Personal information
- Full name: Atanasio Abellán Ibáñez
- Date of birth: October 1900 (age 125)
- Place of birth: Murcia, Spain

Senior career*
- Years: Team / Apps / (Gls)
- Murcia FC

Managerial career
- 1920: Real Murcia

= Atanasio Abellán =

Spanish footballer and manager

Atanasio Abellán Ibáñez (October 1900 – unknown) was a Spanish footballer who played for Murcia FC in the late 1910s, and who later became the first-ever manager of Real Murcia in 1920.

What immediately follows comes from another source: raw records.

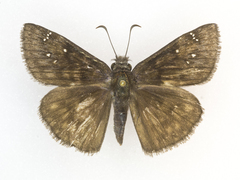 Erynnis meridianus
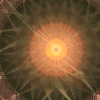 electricsheep.242.03484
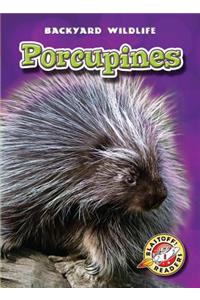 Porcupines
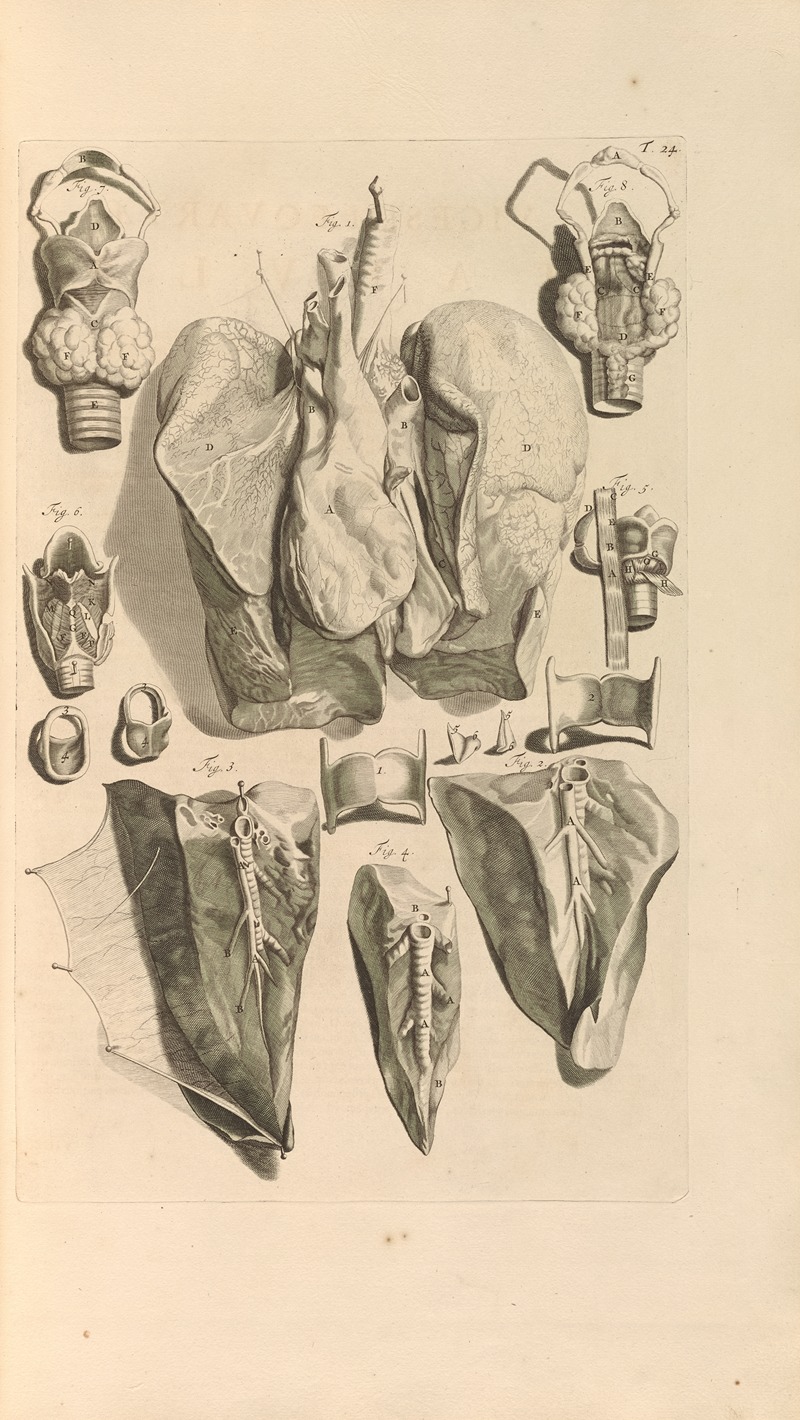 Gerard de Lairesse - Anatomia humani corporis Pl.025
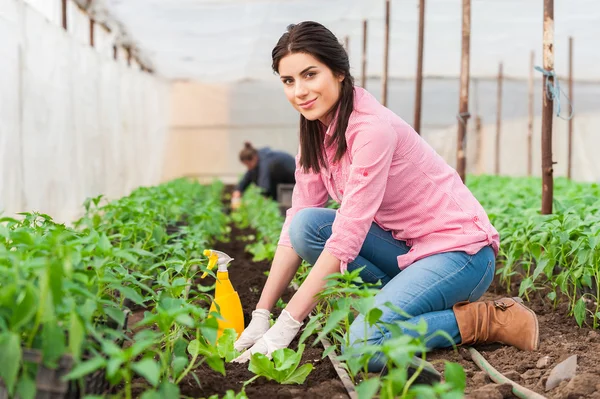 Ritratto di giardiniere donna che lavora — Foto Stock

==Early life and education==
Born in 1900 in Murcia, Abellán attended the Alfonso X El Sabio Secondary Education Institute of Murcia from 1910 until 1916.

==Sporting career==
Abellán began his football career at his hometown club Murcia Football Club, which was soon replaced by Levante Foot-ball Club in 1919, the forerunner of Real Murcia. He then briefly coached the team, leading the club in its first official match in 1920, which ended in a resounding 7–1 victory over Deportivo Albacetense in the Levante Championship, thus becoming the club's first-ever known manager, a position that he held until 1921, when he was replaced by Pedro Maldonado.

==Later life==
From 1932 until 1937, Abellán worked as the interim deputy secretary of the Provincial Court of Murcia, a position that was renewed in February 1938. Having become the secretary of the Administration of Justice, he was later assigned to the Government Chamber of the Territorial Court of Valencia, where he stayed until his retirement in October 1970, aged 70.